Rezension | 01.12.2011

Das befremdliche Überleben des Neoliberalismus

Der britische Politikwissenschaftler und Soziologe Colin Crouch hat sich mit seinem internationalen Bestseller Postdemokratie einen Namen weit über das akademische Spektrum hinaus gemacht. Mit Postdemokratie gelang es Crouch zudem, eine Debatte über den Zustand unserer westlichen Demokratiesysteme zu entfachen. Mit seinem neuen Buch Das befremdliche Überleben des Neoliberalismus widmet er sich nun einer ökonomischen Schule, welche die Welt maßgeblich beeinflusst hat.
Wie bereits der Titel suggeriert, treibt Crouch dabei die Frage um, wie es eigentlich sein kann, dass jene neoliberale Denkschule, welche die immer noch grassierende Finanzkrise zu verantworten hat, überleben konnte. Er fragt sich konkret, warum der Neoliberalismus nicht untergegangen sei. Um zu einer Antwort zu gelangen, holt der Autor in seinem Essay weit aus. Er skizziert zunächst die Ideengeschichte des Neoliberalismus und analysiert seinen Aufstieg. Dann zeigt er die Grenzen der Marktwirtschaft auf und widmet sich dem Problem marktbeherrschender Konzerne.

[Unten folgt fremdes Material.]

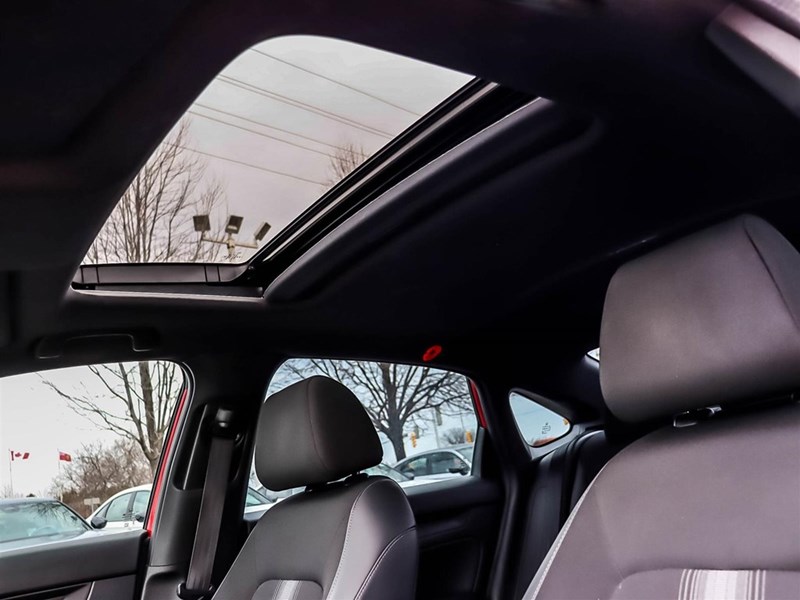 2023 Honda Civic Sport CVT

Klar zeigt er, dass die Verzahnung der Großkonzerne mit der Politik ein großes Problem ist. Wenn neoliberale Markt predigen meinen sie eben meist doch nur den Großkonzern. Dies wird auch sehr deutlich, wenn man sich die übliche Praxis bei der Privatisierung ehemaliger Staatsbetriebe ansieht. Crouch zeigt hier anhand von Beispielen, dass das Endergebnis zumeist nur die Schaffung von Monopolen oder Oligopolen ist. Zudem zeigt er auch, dass Großkonzerne zunehmend die Demokratie aushöhlen. Zudem erklärt er in verständlicher Weise, wie es zur Finanzkrise kommen konnte und widerlegt die neoliberale These, dass privat immer grundsätzlich besser wäre als Staat. Wobei er besonders scharf Milton Friedman und die durch ihn geprägten Chicagoer Denkschule angreift.

Im analytischen Teil des Essays gelingt es ihm in beeindruckender Weise, viele Denkirrtümer der Neoliberalen zu widerlegen. Wobei aber Crouch fast gänzlich auf Pauschalisierungen und unfaire Argumentationen verzichtet. Auch ist in dem Buch kein allgemeines Marktbashing zu finden, vielmehr schreibt er eher aus der Perspektive des Ordoliberalismus. Doch wie beantwortet nun der Autor die eingangs aufgeworfene Frage nach dem Überleben des Neoliberalismus? Crouch hat hier am Ende seines Buches eine klare und ernüchternde Antwort. Er schreibt: „ Die Antwort: so gut wie alles. Die wirtschaftlichen und politischen Kräfte, die hinter dieser Agenda stehen, sind zu mächtig, als daß ihre Vorherrschaft ernsthaft ins Wanken gebracht werden könnte.“

Kann man also gar nichts tun gegen die Macht der Eliten? Doch kann man. Allerdings fällt die Antwort leider ziemlich ernüchternd, möglicherweise aber auch einfach nur realistisch aus. Weder schlägt er eine grundlegende Reform des Weltfinanzsystems noch eine Neustrukturierung der ökonomischen Beziehungen vor. Stattdessen soll es die Zivilgesellschaft richten, die es zu stärken gelte und die sich auf dem Schlachtfeld der Moral bewähren müsse.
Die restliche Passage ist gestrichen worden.